- WORK ORDER
Report each line of the records below that holds the word "Girls".

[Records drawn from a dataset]
^^^^^^^^^^^^^^^^

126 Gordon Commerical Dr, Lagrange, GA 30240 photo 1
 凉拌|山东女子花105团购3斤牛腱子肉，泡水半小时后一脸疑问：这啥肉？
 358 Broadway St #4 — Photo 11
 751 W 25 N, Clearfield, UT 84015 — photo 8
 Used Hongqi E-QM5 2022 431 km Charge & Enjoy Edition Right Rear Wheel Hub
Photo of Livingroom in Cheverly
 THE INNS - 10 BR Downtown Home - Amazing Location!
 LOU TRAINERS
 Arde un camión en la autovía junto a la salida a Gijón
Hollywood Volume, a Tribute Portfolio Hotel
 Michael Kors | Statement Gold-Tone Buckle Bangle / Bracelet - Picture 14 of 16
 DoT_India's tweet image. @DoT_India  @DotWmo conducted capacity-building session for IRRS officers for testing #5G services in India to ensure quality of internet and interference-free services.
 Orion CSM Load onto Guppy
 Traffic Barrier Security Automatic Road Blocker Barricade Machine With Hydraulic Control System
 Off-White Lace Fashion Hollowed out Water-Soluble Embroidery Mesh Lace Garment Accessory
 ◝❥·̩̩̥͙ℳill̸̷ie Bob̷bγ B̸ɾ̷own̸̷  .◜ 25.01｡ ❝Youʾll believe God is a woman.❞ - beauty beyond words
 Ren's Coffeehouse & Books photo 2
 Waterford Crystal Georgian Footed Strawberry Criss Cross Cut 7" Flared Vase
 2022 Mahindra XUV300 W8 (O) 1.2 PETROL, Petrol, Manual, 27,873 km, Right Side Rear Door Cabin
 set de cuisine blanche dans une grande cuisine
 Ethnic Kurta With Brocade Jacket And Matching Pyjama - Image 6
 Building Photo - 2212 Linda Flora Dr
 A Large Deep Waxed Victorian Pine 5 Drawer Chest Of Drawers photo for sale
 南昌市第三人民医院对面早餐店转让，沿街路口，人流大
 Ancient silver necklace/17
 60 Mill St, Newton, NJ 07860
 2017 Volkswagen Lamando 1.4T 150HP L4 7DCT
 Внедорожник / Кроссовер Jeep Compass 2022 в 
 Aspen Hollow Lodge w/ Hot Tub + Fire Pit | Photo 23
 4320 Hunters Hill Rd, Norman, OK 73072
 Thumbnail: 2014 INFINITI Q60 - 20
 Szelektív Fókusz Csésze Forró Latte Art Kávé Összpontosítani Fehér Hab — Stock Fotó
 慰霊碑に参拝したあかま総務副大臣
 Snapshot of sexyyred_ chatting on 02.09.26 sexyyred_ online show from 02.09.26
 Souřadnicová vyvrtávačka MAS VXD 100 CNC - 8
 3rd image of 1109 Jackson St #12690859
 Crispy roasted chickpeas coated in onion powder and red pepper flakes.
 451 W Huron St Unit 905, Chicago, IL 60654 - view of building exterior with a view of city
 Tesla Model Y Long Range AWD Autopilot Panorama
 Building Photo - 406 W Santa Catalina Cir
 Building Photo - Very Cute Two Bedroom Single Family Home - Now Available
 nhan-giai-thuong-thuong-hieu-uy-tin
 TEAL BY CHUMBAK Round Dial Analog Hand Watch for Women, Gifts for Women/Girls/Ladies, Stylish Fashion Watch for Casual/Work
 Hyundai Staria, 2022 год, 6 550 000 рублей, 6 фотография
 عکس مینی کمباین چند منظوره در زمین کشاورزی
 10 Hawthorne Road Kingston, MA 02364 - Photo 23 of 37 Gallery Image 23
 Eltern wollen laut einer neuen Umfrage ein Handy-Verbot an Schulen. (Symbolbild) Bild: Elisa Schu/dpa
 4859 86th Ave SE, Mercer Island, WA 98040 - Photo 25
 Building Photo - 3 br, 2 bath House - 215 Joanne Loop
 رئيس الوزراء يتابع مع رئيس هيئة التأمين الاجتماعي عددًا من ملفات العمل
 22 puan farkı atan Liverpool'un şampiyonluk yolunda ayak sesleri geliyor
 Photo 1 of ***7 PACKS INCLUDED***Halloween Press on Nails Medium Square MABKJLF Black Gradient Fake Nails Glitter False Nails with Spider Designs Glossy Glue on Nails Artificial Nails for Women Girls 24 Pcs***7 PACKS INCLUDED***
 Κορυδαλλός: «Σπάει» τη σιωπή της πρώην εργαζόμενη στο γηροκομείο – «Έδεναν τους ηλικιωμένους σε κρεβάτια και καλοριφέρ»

^^^^^^^^^^^^^^^^

- ANSWER TO THE EXERCISE
 TEAL BY CHUMBAK Round Dial Analog Hand Watch for Women, Gifts for Women/Girls/Ladies, Stylish Fashion Watch for Casual/Work
 Photo 1 of ***7 PACKS INCLUDED***Halloween Press on Nails Medium Square MABKJLF Black Gradient Fake Nails Glitter False Nails with Spider Designs Glossy Glue on Nails Artificial Nails for Women Girls 24 Pcs***7 PACKS INCLUDED***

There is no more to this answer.